**EXERCISE REQUIREMENTS**
Starting at the line that contains "Aşkta nikah da", reproduce every line through the end of the entries below, with no pictures in the copy.

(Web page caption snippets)

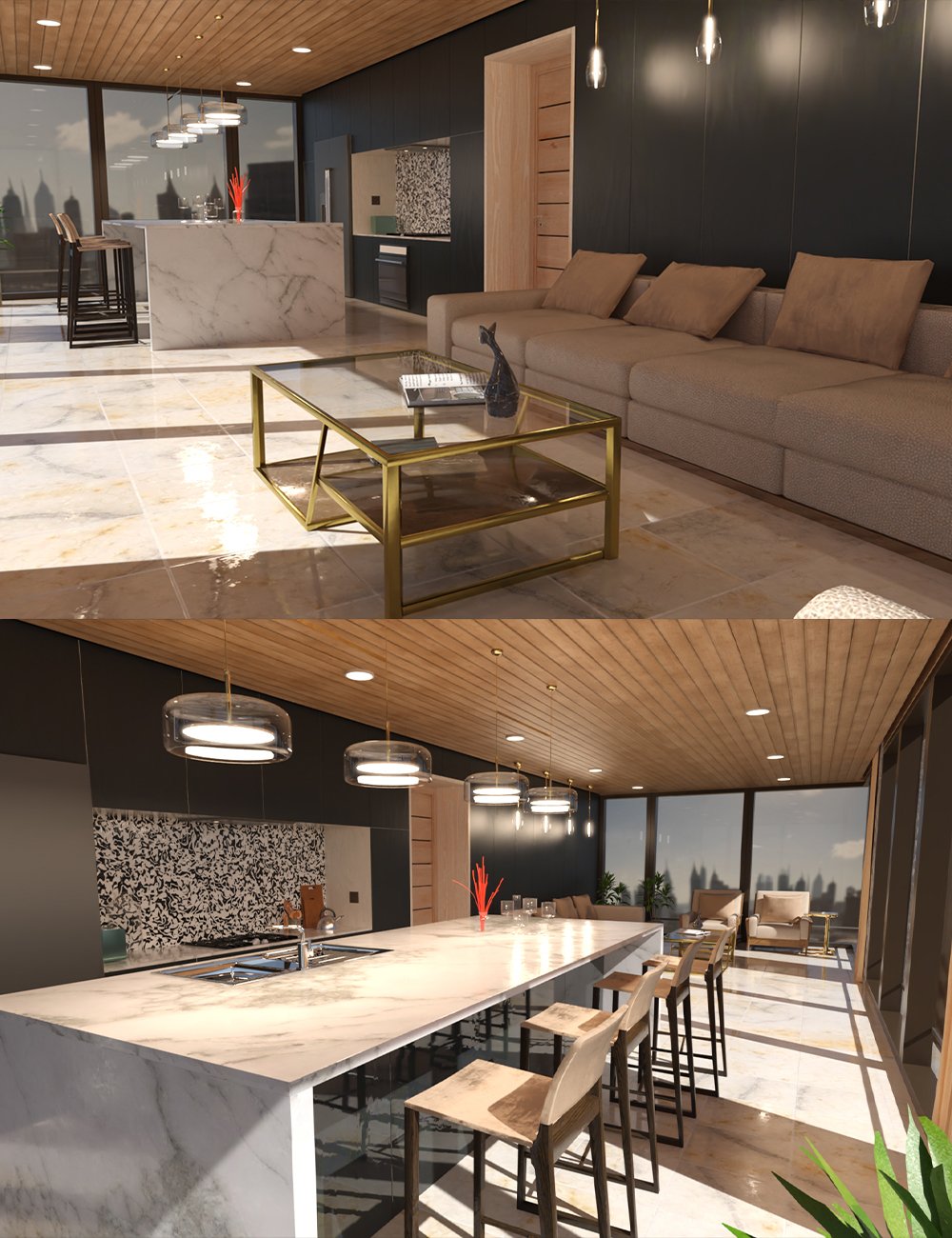 CCA Condo Living by: clacydarch, 3D Models by Daz 3D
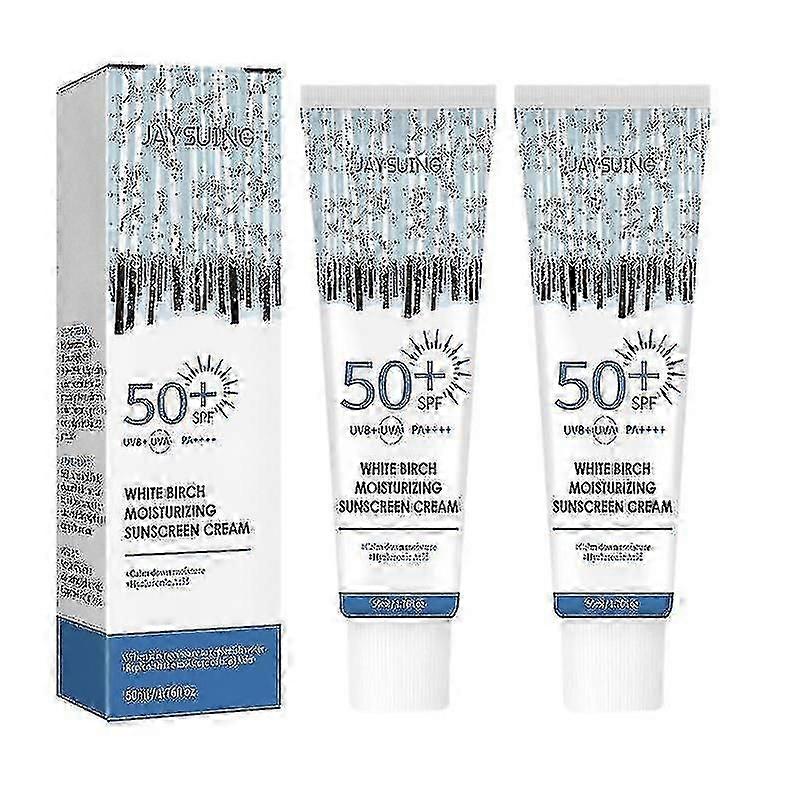 1pcs Jaysuing SPF50+ Moisturizing Facial Sunscreen 2pcs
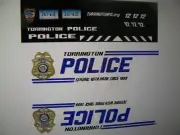 Torrington Conn Police Patro Vehicle Decals 1:43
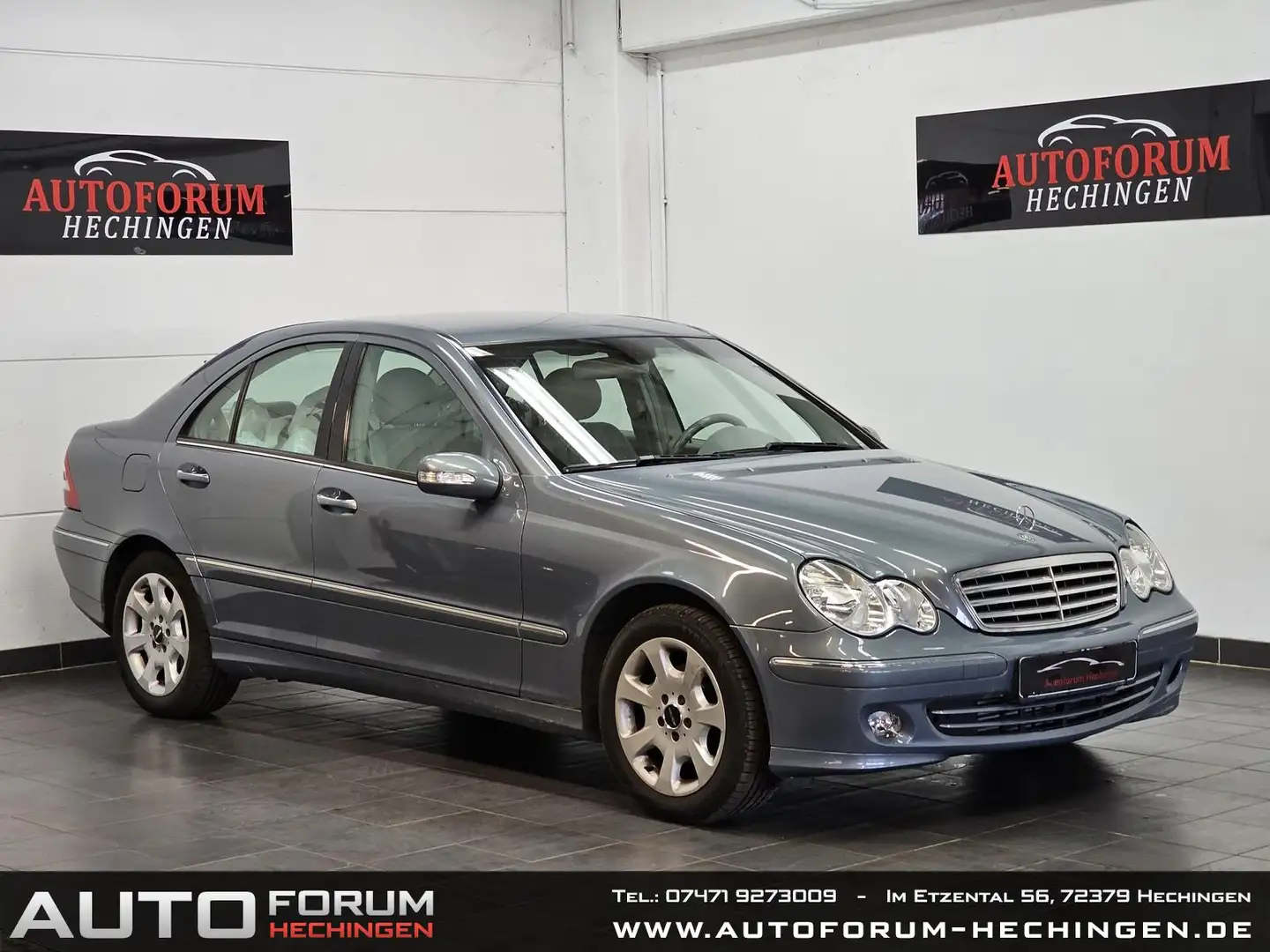 Mercedes-Benz C 180 Kompressor Klimaautomatik AHK Tüv Neu Grau - 1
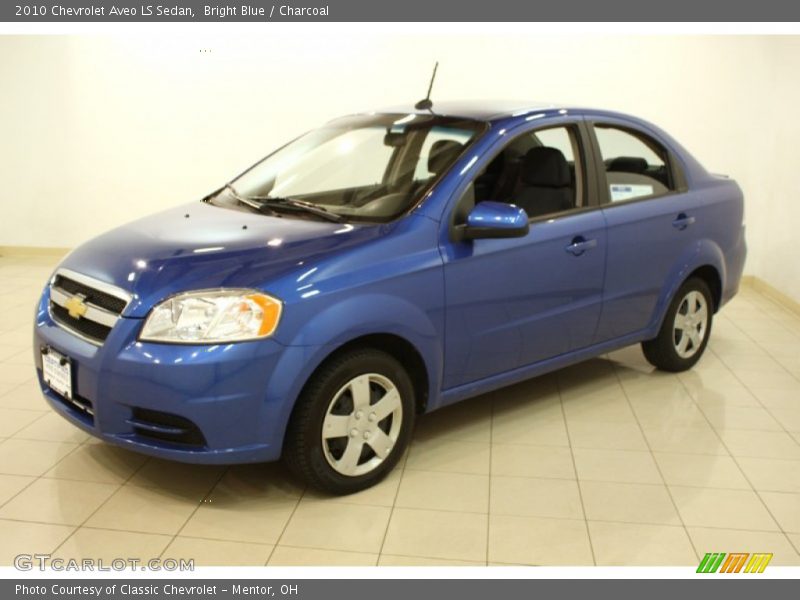 Bright Blue / Charcoal 2010 Chevrolet Aveo LS Sedan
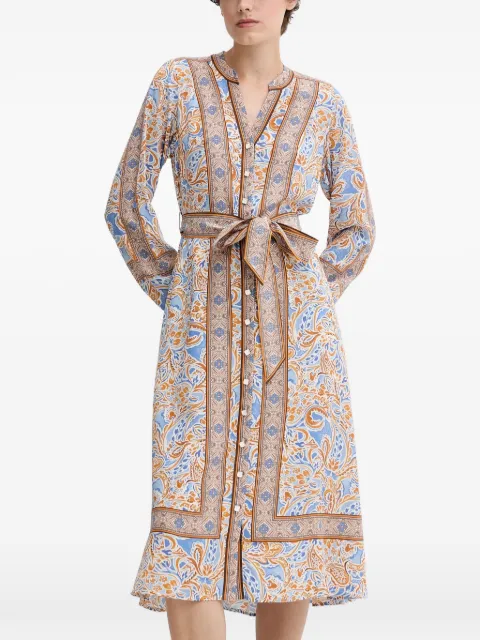 Hale Bob Vienna paisley belt midi dress Blue 56CT620A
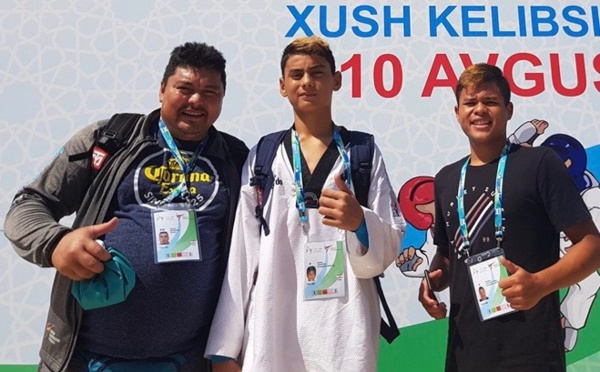 Ariihei Lehartel 3e aux championnats du monde cadet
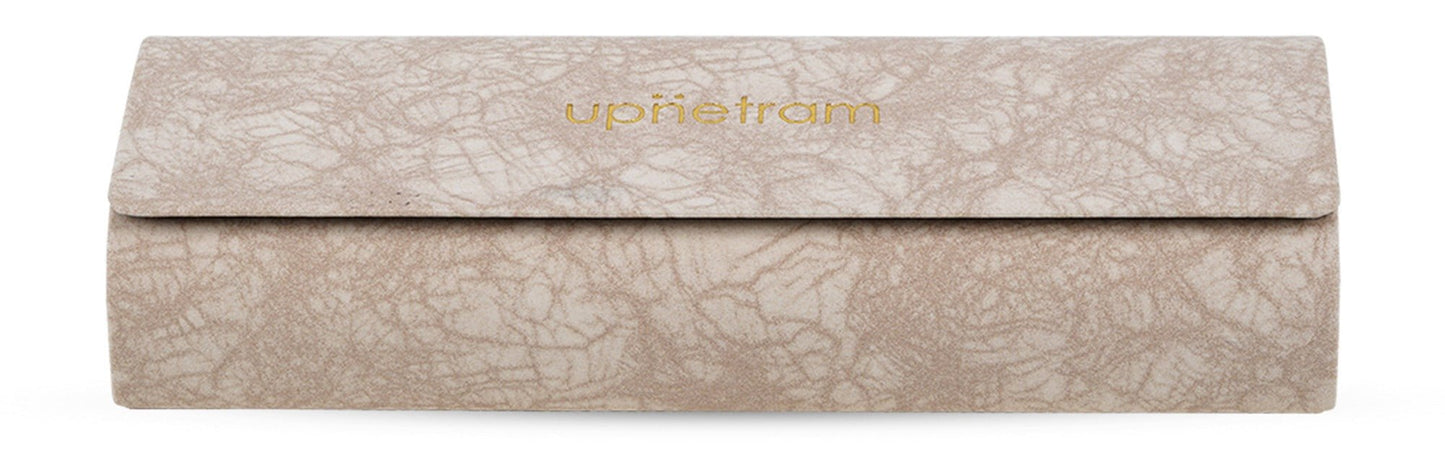 UP98117-C4-Handmade Mix Material-Champagne Blush - glassesbyahana.com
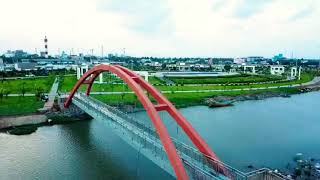 Places Of Interest// Glass Bridge at Kakinada Beach Park//First Glass Bridge INDIA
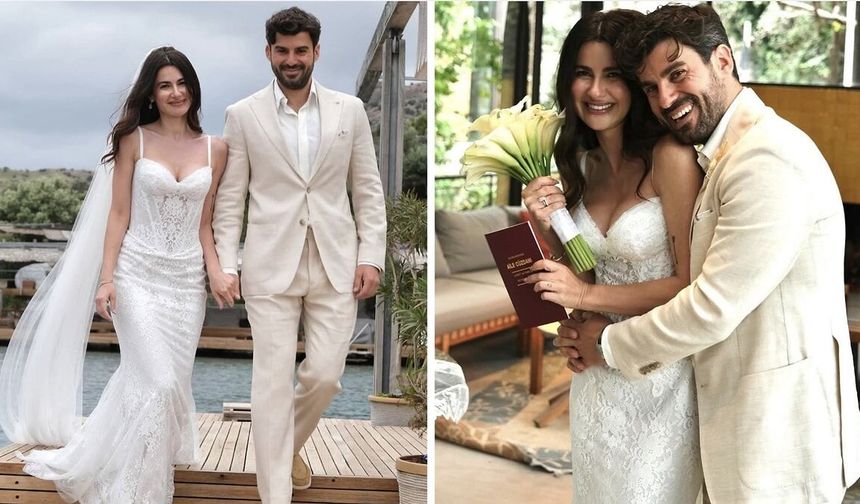 Aşkta nikah da Bodrum’da! Nesrin Cavadzade'nin düğününden ilk kareler
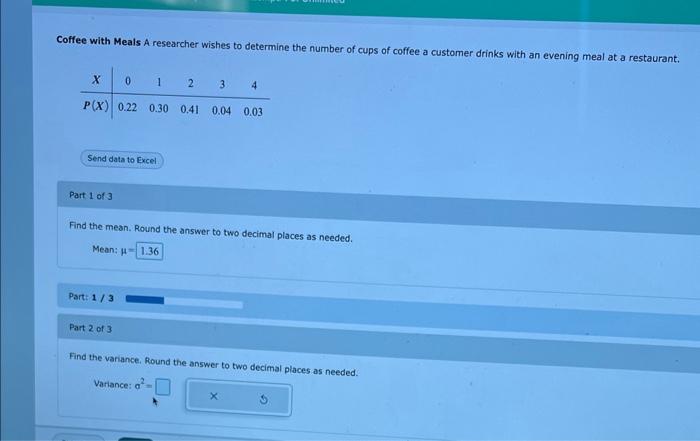 Solved a researcher wishes to determine the number of cups | Chegg.com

**EXERCISE RESPONSE**
 Aşkta nikah da Bodrum’da! Nesrin Cavadzade'nin düğününden ilk kareler
 Solved a researcher wishes to determine the number of cups | Chegg.com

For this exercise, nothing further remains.